Menurut catatan Konsorsium Buruh Migran Indonesia, pada tahun 2001 terdapat 2.231.143 kasus, 33 di antaranya kehilangan nyawa dan 107 mengalami penganiayaan disertai pemerkosaan. Pada tahun 2002, kasus buruh migran yang tewas meningkat menjadi 177 orang, termasuk yang meninggal di Nunukan.7 Contoh-contoh kasus tersebut menunjukkan belum maksimalnya kinerja pemerintah dalam memberikan perlindungan dan dukungan terhadap persoalan-persoalan yang dihadapi oleh perempuan, termasuk mereka yang menjadi pelintas batas sebagai tenaga kerja wanita di luar negeri. Hal ini terlihat dalam kinerja pemerintah dalam memberikan hak untuk bekerja/berusaha dan memperoleh jaminan sosial serta terpenuhinya kebutuhan dasar termasuk kesehatan yang dinilai sangat buruk kualitasnya. 
Meskipun sudah pemerintah Indonesia sudah meratifikasi Konvensi Penghapusan Segala bentuk Diskriminasi terhadap Perempuan (The Convention on the Elemination  of All Forms of Discrimination Against Women atau CEDAW(, tetapi pemerintah Indonesia belum melaksanakan dengan maksimal. Hal ini sekali lagi karena negara merupakan pihak yang ikut melestarikan budaya patriarki dengan produk peraturan dan kebijakan yang dikeluarkan belum memberikan keuntungan bagi perempuan.

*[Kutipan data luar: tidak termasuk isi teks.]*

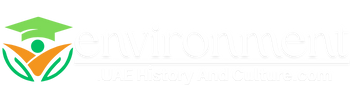 environment.uaehistoryandculture.com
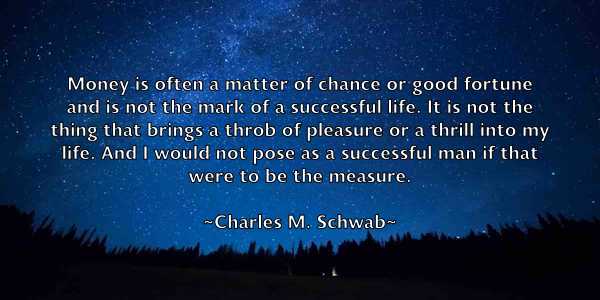 /images/quoteimage/charles-m-schwab-135904.jpg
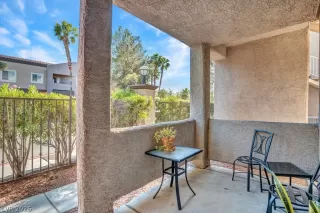 Photo #3: 2781529 Listing 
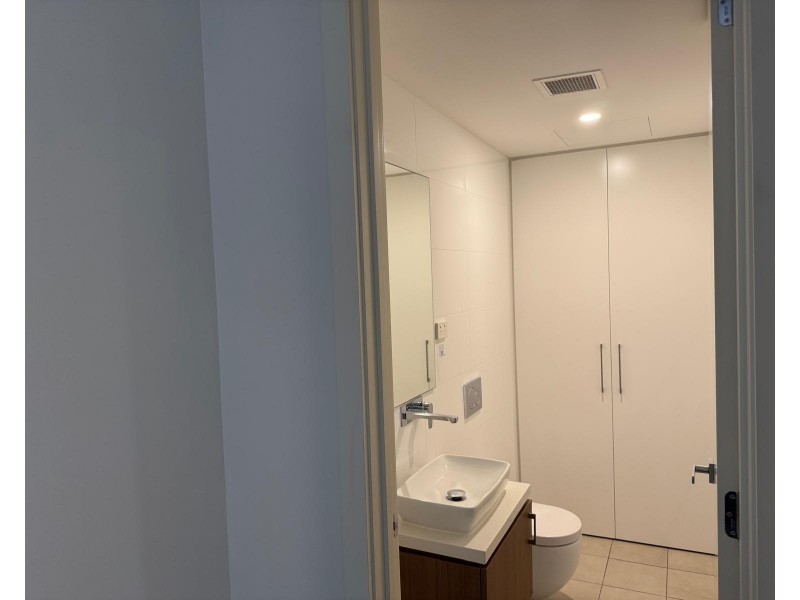 Strathfield NSW 2135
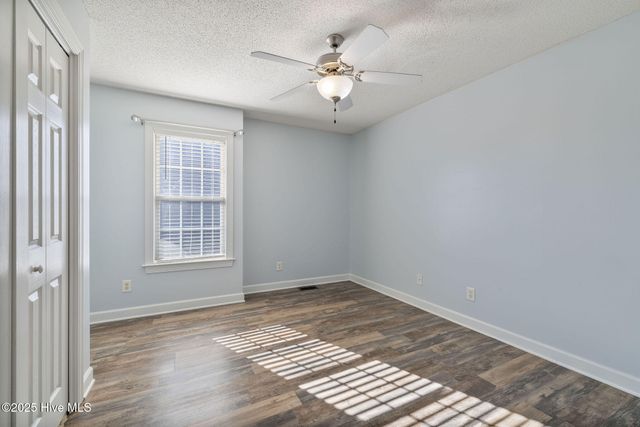 113 Brookside Way, Pikeville, NC 27863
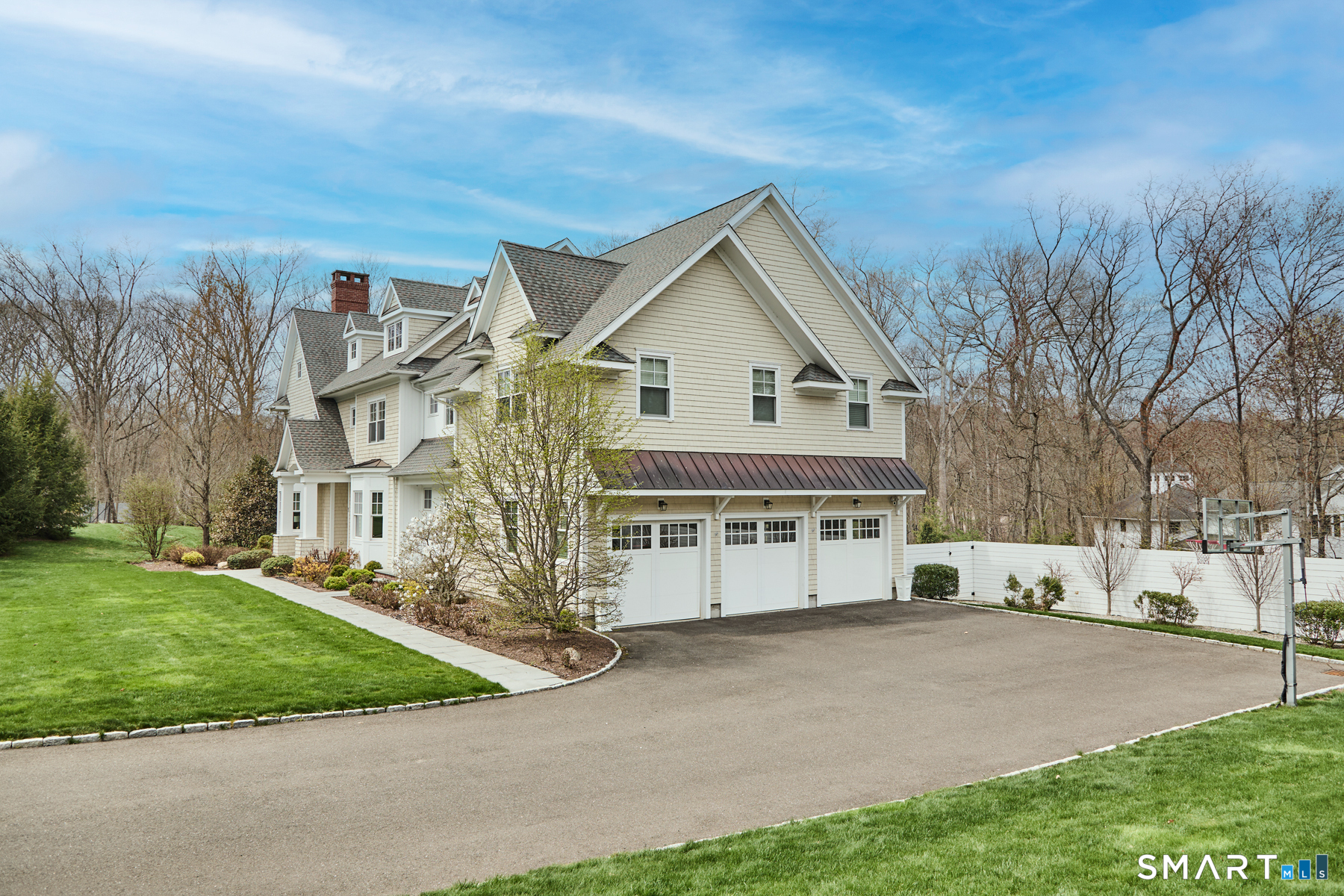 3 Stonewall Lane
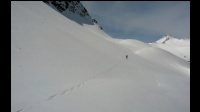 22-Antoine-part-seul-sur-Fausse-piste.jpg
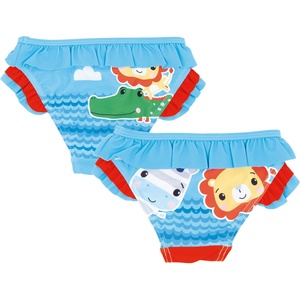 Arditex ДЕТСКИ БАНСКИ СЛИП fisher price МОМИЧЕ 12-18-24 МЕС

Sehingga perlu adanya gerakan untuk mendesakkan keadilan dan kesetaraan bagi perempuan di segala bidang. Disinilah pentingnya partisipasi perempuan dalam politik karena yang sunguh-sungguh memahami dan mengerti persoalan dan kondisi perempuan adalah perempuan itu sendiri.
Dengan masuknya perempuan dalam ranah politik (publik( diharapkan dapat memberikan pengaruh terhadap produk-produk kebijakan yang dihasilkan, khususnya yang berkaitan langsung dengan kehidupan perempuan. Apalagi pemerintah Indonesia telah meratifikasi konvensi yang berkaitan dengan partisipasi politik perempuan, yaitu Konvensi tentang Hak-hak Politik Perempuan (The Convention on Political Rights for Women). Artinya pemerintah Indonesia wajib untuk melaksanakan setiap bagian dan pasal konvensi tersebut secara maksimal. Karena pada dasarnya hak politik perempuan dalam arti luas adalah bagian integral dan tidak dapat dipisahkan dari hak azasi manusia, dan sebaliknya, hak asasi manusia merupakan aspek fundamental dari berbagai kerangka kerja demokratik.
III.    Persoalan Keterwakilan (dan Perwakilan) Perempuan dalam Politik
Keterlibatan perempuan dalam kehidupan politik pada masa sekarang sudah tidak terhindarkan lagi. Hal ini menjadikan wacana dan isu perempuan menjadi isu strategis dalam setiap program baik di tingkat internasional, nasional maupun lokal. Bahkan seringkali isu perempuan diangkat sebagai sarana untuk menarik simpati publik.
Keterlibatan perempuan dalam struktur kekuasaan formal tidak serta merta mengindikasikan adanya keadilan dan kesetaraan gender. Tetapi harus dilihat lebih jauh terhadap produk-produk kebijakan atau keputusan yang ada sudah mempunyai perspektif gender. Hasil temuan Demos menunjukkan bahwa kualitas kinerja hak dan institusi yang berkaitan dengan persoalan perempuan, dalam hal ini kesetaraan jender dan partisipasi dan akses kaum perempuan pada kehidupan publik, adalah baik meskipun tidak terlalu signifikan. Tetapi pasca 1999 kualitas kinerja hak dan institusi tersebut mengalami perkembangan yang membaik. Hal ini khususnya berkaitan dengan kebebasan dan keterbukaan bagi kaum perempuan untuk lebih mengaktualisasikan diri mereka di ranah publik.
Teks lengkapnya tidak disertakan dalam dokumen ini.